Lima, abril del 2009

[1] A. Carrillo Ramírez: Luis Pardo, el gran bandido. 2da. Edición, Lima, 1976
[2] Félix Álvarez Brun: Ancash, una historia regional peruana. Lima, 1970.
[3] José Ruiz Huidobro. En: Revista ancashina Eco Regional, julio 1960.
[4] En el centro de un pequeño parque, a la entrada de Chiquián, se encuentra la estatua ecuestre de Luis Pardo levantando un revólver con la mano izquierda, y unos metros a la derecha, la imagen esculpida de Santa Rosa, patrona de la localidad, sostiene en la diestra una cruz.
[5] Javier Garvich: Un fin de semana con Luis Pardo en: http://lapizymartillo.blogspot.com/
[6] Se considera aquí al mito en su acepción de fábula, de fantasía o de creencia aceptada y trasmitida por una comunidad; no como creencia cosmogónica.
[7] es.wikipedia.org/wiki/Luis_Pardo.
[8] El canto de Luis Pardo. En: http://eruizf.com/musica/luispardo.html
[9] “Diosa, canta del Peleida Akileo la cólera…” (La Iliada).
[10] Carrillo dice: “Estas décimas no puede haberlas escrito Pardo, porque él no tuvo inclinaciones literarias; además, en ellas figuran palabras que no son propias del hablar chiquiano, como “andarita” y otras.”
[11] “Los oconales son lugares húmedos o parcialmente anegados, pantanosos o semipantanosos que se presentan en la región altoandina del Perú sobre los 3.300 m. de altitud.” ( http://rua.ua.es)
[12] Durante el encuentro de escritores realizado en Chiquián a principios de este año, pudimos advertir que esa ciudad la palabra “andarita” ha sido asimilada con relativo fervor. Supimos también que a una chiquilla declamadora habían proclamado como “La Andarita”.

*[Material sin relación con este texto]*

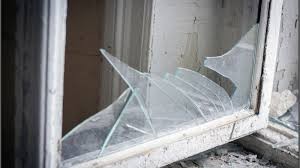 В Якутске мужчина, разбив окно, проник в квартиру на первом этаже и совершил кражу техники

[13] Nótese, además, que no es el término “infeliz” el empleado, sino otro que evidencia un ostensible carácter poético: “infelice”.
[14] Veamos lo que aparece escrito en la Internet: “Cerca a los 25 años se enamoró perdidamente de Zoila Tapia, una joven pastora, que él llamaba cariñosamente "Andarita" (nombre de una flor silvestre que crece en noroeste de Perú) y formó vida conyugal con ella. Pero su felicidad no duró mucho: Zoila falleció al dar a luz a su hijo, quien murió poco después.” (es.wikipedia.org/wiki/Luis_Pardo)
[15] Instrumento consistente en una hilera de cañas de carrizo abiertas en uno de sus extremos, dispuestas en orden decreciente y afinadas en escala pentatónica (por lo general en "la" o en "mi").”
[16] www.cidemp.org/oldpage/libro1/generalidades.htm
[17] Es común recurrir, poéticamente, a un instrumento familiar para contarle las penas. Recuérdese, por ejemplo, el vals “Guitarra” de Augusto Polo Campos.
[18] Un dato curioso: el escritor Darío Mejía afirma haber encontrado un catálogo de los antiguos Discos Victor de los años 1924-1925, “donde el vals Luis Pardo figura con Leonidas Yerovi como autor”, y fue grabado por el dúo Gamarra y Marini, hijo, el primero, de “El Tunante”: www.boletindenewyork.com
[19] Ver: Carrillo Ramírez.
[20] Años después de publicado el texto se efectuó una adaptación para convertirlo en vals criollo con música del compositor Justo Arredondo.
[21] Ver: Edmundo Cornejo U. Nota bio-bibliográfica a “En la ciudad de Pelagatos” de Abelardo Gamarra. Ediciones PEISA. Lima, 1975.